A quasi due anni di distanza, il Legislatore è tornato (solo in parte) sui propri passi e ha modificato (in maniera ancora troppo modesta) l'infelice previsione introdotta dall'articolo 10.1.b) del decreto legge n. 76 del 16 luglio 2020. Dall'entrata in vigore della legge di conversione, dunque, i soli immobili di interesse paesaggistico ex lege (sopra richiamati e di cui all'articolo 142) possono essere sottoposti, previo ottenimento del necessario titolo abilitativo (permesso di costruire o s.c.i.a. alternativa al permesso di costruire) e della necessaria autorizzazione paesaggistica, a ristrutturazione edilizia mediante demolizione e successiva ricostruzione, senza l'obbligo di mantenimento nemmeno della sagoma. Continuano, invece, ad essere classificati come nuova costruzione gli interventi di demolizione e ricostruzione che prevedano incrementi volumetrici o che possiedano sagoma, prospetti, sedime, caratteristiche planivolumetriche e tipologiche diversi rispetto all'immobile preesistente, inerenti a edifici soggetti a tutela ai sensi del citato d.lgs. 42/2004 (tra cui quelli gravati da vincolo culturale o da vincolo paesaggistico derivante da provvedimento dichiarativo del notevole interesse pubblico, ma, come visto, non da vincolo ex lege) e a edifici ricadenti nei centri storici (salvo che, per questi ultimi casi, norme di legge o degli strumenti urbanistici non prevedano diversamente).

Occorre, però, che il Legislatore renda semplice e percorribile la riqualificazione del parco immobiliare nazionale, perché non può esistere rigenerazione urbana senza demolizione del patrimonio edilizio vetusto, energivoro e ammalorato, anche (e, talvolta, soprattutto) nei centri storici.

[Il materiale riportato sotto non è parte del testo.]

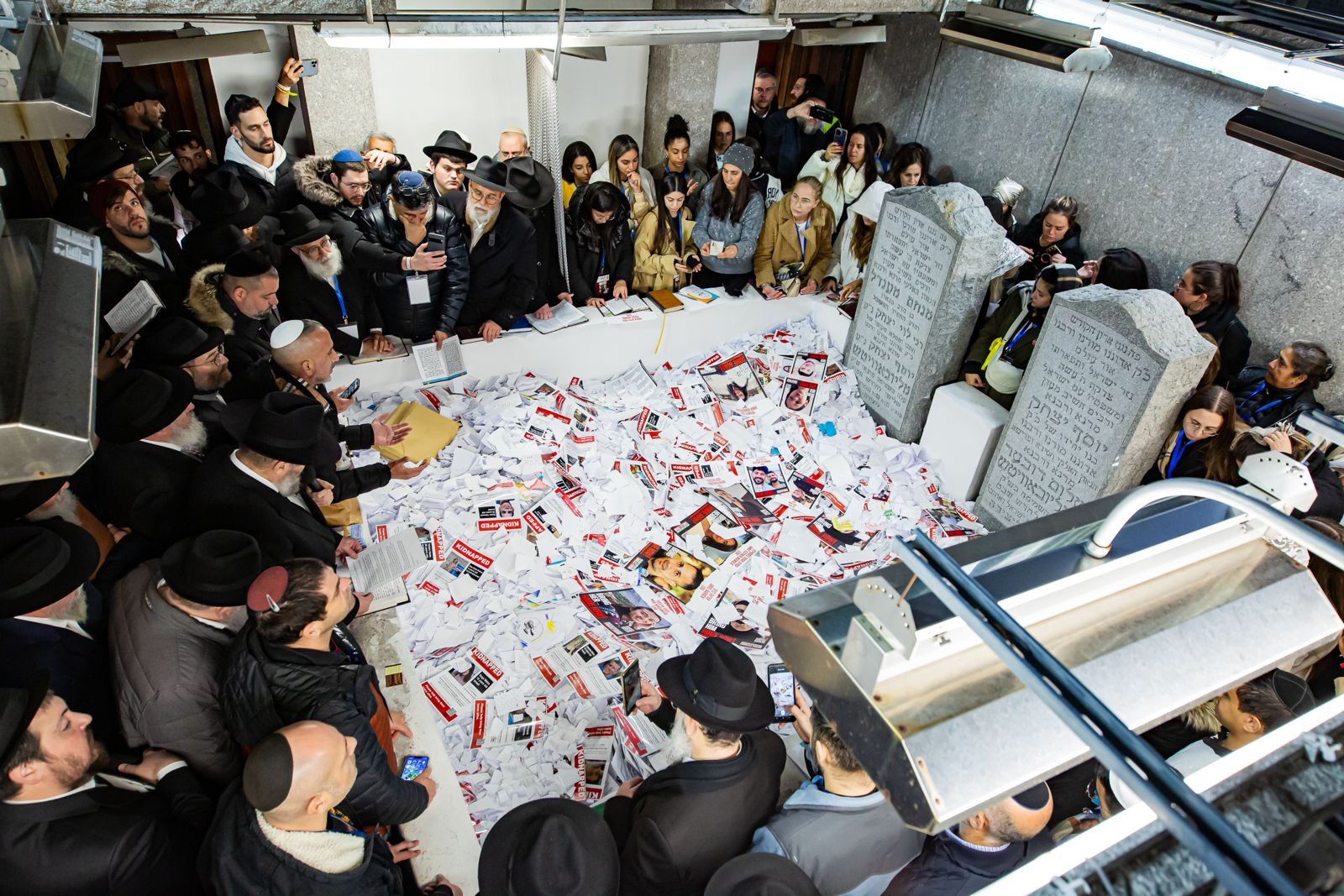 תפילה עם דמעות: משפחות החטופים הגיעו לרבי מלובביץ'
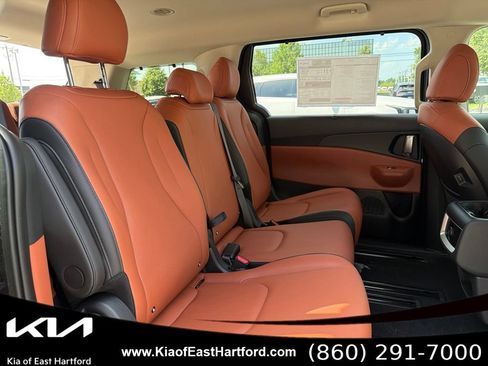 New 2026 Kia Carnival EX FWD image 13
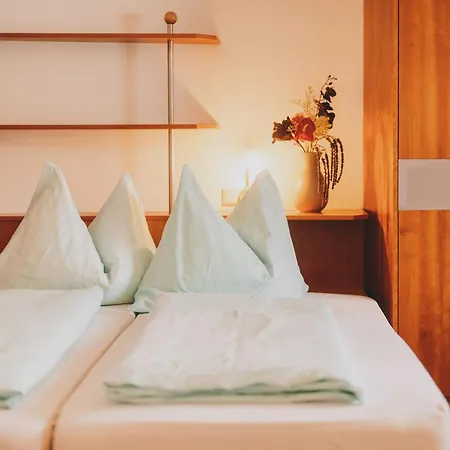 Theresa アパートホテル 3*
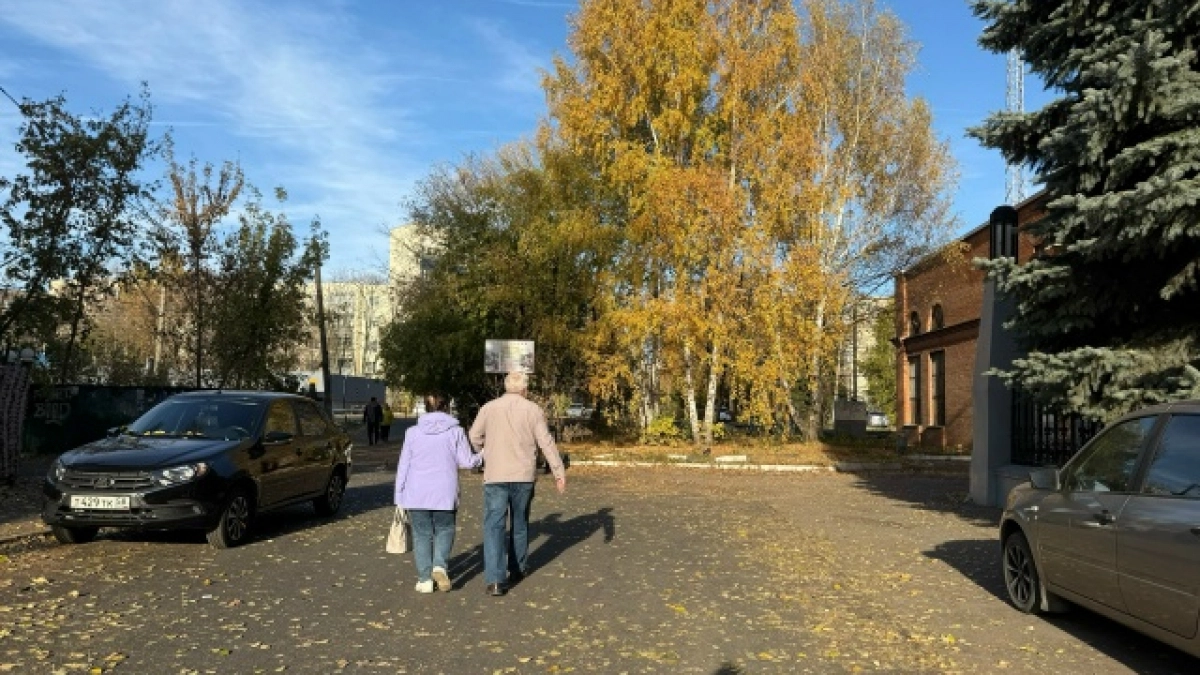 Не отдавайте детям эти 3 вещи — даже из большой любви: мудрость Омара Хайяма на все времена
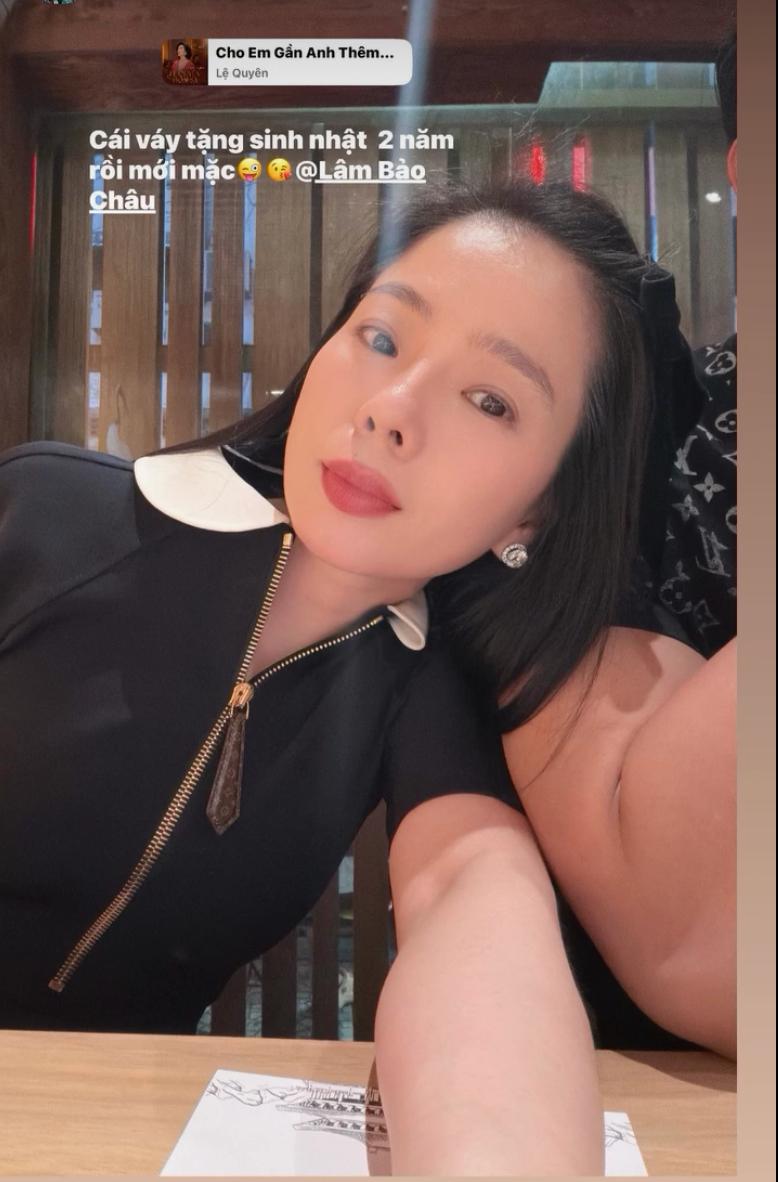 Lệ Quy&ecirc;n hẹn h&ograve; L&acirc;m Bảo Ch&acirc;u, tươi cười đi đ&aacute;nh pickleball giữa l&uacute;c Sở VH&TT TP.HCM v&agrave;o cuộc vụ ph&aacute;t ng&ocirc;n th&ocirc; tục- Ảnh 2.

La scelta di rendere particolarmente complesso procedere alla riqualificazione degli immobili vincolati (nonché di quelli ricadenti nel centro storico) si rivela quindi ingiustificata, controproducente e contraria allo spirito del d.l. 76/2020 anche tenuto conto che i beni paesaggistici e culturali sono già adeguatamente tutelati dal procedimento autorizzativo per essi già specificatamente previsto.